From: DanglingPointer <danglingpointerexception@gmail.com>
To: Zygo Blaxell <ce3g8jdj@umail.furryterror.org>
Cc: linux-btrfs@vger.kernel.org
Subject: Re: btrfs-dedupe broken and unsupported but in official wiki
Date: Fri, 19 Jun 2020 08:05:44 +1000 [thread overview]
Message-ID: <65eeb90a-e983-2ae8-14ad-79bcd2960851@gmail.com> (raw)
In-Reply-To: <20200618204317.GM10769@hungrycats.org>
For a large portion of desktop users that are not developers and are
rustlang illiterate and programming illiterate; they would not now
whether this tool or that tool or any tool would be safe, or unsafe, or
have concurrent race conditions, or know the meaning of immutable or mutex.

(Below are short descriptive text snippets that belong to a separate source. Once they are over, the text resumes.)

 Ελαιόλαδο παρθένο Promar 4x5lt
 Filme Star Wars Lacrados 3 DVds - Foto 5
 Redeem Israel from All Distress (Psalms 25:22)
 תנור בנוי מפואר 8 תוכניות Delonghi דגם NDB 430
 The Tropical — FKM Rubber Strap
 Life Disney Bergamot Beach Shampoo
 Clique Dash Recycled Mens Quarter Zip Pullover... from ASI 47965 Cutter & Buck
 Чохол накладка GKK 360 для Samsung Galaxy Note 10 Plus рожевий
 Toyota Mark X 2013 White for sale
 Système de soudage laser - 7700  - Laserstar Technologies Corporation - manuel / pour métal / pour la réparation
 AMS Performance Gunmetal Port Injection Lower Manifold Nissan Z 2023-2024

Think of this scenario; average Joe Bloggs user buys new computer
without MS Windows. With the software savings, Joe purchases more
disks. He then chooses openSuse Leap for his first foray into Linux.
All he cares about are his music files, photos, and videos being safe.
Joe runs a Cafe down the street and uses the music, photos, and videos
in various screens at his cafe for the atmosphere.
Times are tough and he's running out of space so he doesn't want the
accumulate media files duplicated all around the place wasting space to
conserve storage.
If the official wikis have broken 3rd party tools, then it makes the
whole adoption process less easy, less friendly, very cryptic, more
chaotic; and give the impression that btrfs is a mess and not ready (and
Linux as a whole). He would not know or have the time to go through the
code of each deduplication program tool option to figure out if one type
or the other type is better just like Zygo Blaxell did who can read
code. Even if he wanted to, he doesn't know how to nor has the time to
do it. He says good-bye to openSuse and buys Windows.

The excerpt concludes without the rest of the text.